Growing to Understand the Father’s Love (John 16:25-28)

Valley Harvest Church https://valley-harvest.org
John 16:27 NASB  for the Father Himself loves you, because you have loved Me and have believed that I came forth from the Father.

When Jesus spoke these words, He knew that every one of his disciples was hours from ditching Him. It is Thursday evening, Judas has already left to betray Him, and the arrest is only hours away. The disciples minds are distracted by fear, self-concern, and the pressure of a night they do not understand. They will abandon Him to save their own skins, and He already knew it when He spoke. Yet it is precisely here that Jesus describes the Father’s love for them. He uses a word for love that describes a warm personal fondness not the cool language of obligation. It is the affection you feel for someone whose face you know and whose absence you would grieve. And Jesus aims that word at men who are within hours of their own most spectacular failure.

Just a few verses earlier, in John 16:6, Jesus says that sorrow has filled the disciples’ heart. Their grief, fear, and confusion about Jesus leaving had become an all-consuming internal noise. It completely crowded out their ability to perceive what was actually happening around them. They were spiritually distracted by the crushing weight of their own immediate emotional reality.

Fear and sorrow can make our hearts swing wildly from one thought to another. When your soul carries a heavy weight or a deep hurt, it drains your energy. And when you are emotionally running on empty, pulling away to pray feels too hard. It requires a vulnerability you just don’t have the strength to give. So, your heart takes the easy way out. You look for a quick escape hatch; some distraction or cheap comfort to numb the sharp edges and avoid the quiet.

Continue in the frame of mind long enough and prayer will feel like a chore. Your Bible will sit unopened and old, familiar compromises quietly creep back into your life. But the moment those cheap comforts wear off, the trap of shame snaps shut. Guilt tells you to run away from God instead of toward Him. It whispers that the door to His presence is locked until you prove you can clean up your act. And cleaning up your act sounds too hard. You know in your head what the gospel says, but you functionally behave as if returning to Him can’t be that simple . And week after week, that gap between what you know and what you feel just gets wider. That is why Jesus does not merely tell the disciples to try harder.
He tells them what they most need to know about the Father.
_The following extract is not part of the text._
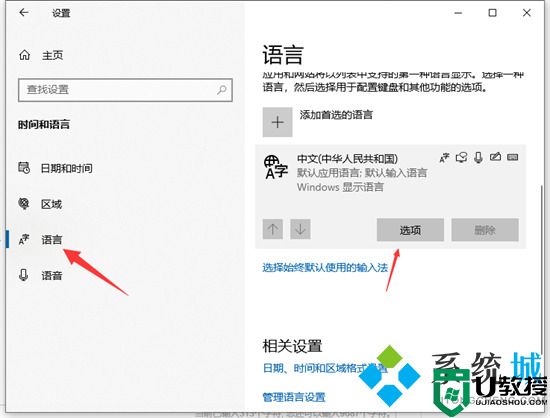 电脑英文转换中文按哪个键 电脑显示英文怎样转换为中文
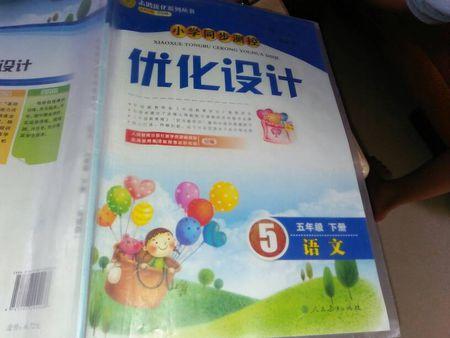 五年级下册语文优化设计的答案第六单元的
Jesus has been preparing His disciples for what is about to take place, His death, resurrection, ascension, and the sending of the Holy Spirit. He has been speaking in “figurative language,” meaning indirect, veiled speech where meaning is present but not yet fully plain. The cross, which is the fullest declaration of the Father’s heart, has not yet been endured. The resurrection, which confirms everything the cross declares, has not yet occurred. And the Spirit, who would take what belongs to Christ and make it known to His people, has not yet come. The disciples have been listening faithfully. They simply have not yet seen the cross, where the Father’s love becomes unmistakable.

The Disciples Still Misunderstand the Father

Because the cross has not yet been endured, the disciples cannot yet see the Father’s heart plainly.

John 16:25 NASB  "These things I have spoken to you in figurative language; an hour is coming when I will no longer speak to you in figurative language, but will tell you plainly of the Father.

Jesus has been using “figurative language” that was not yet plain to them. He has not hidden the truth from them, but they cannot fully understand it yet. John 1:18 says that the Son came to make the Father known, to “explain” and declare Him openly. But the disciples have not yet seen Jesus crucified and raised. They have not yet seen the moment where the Father’s heart toward sinners is most fully and finally declared.

The disciples are not just confused in their minds, they do not yet clearly see the Father’s love. They have seen Jesus heal the sick and calm the storm. But they have not yet seen Him bear “our sins in His body on the cross” (1 Peter 2:24), and they have not yet seen the Father vindicate Him in resurrection. Until they do, the full warmth of the Father’s heart towards them cannot be seen clearly.

When Jesus says He will speak “plainly of the Father,” in the future He is not promising a clearer theology lecture. He is promising that after the cross, through the Spirit who “will guide you into all the truth” (John 16:13), the Father will be made known in a way He has not yet been. Jesus is not showing them a different God, but the same Father, whose love becomes even clearer at Calvary. We live after the cross and resurrection and have the completed Word of God, and the Spirit helps us understand it. Yet many of us still live as though the Father is partially hidden. We know He is there, but we cannot quite read His face when He looks at us.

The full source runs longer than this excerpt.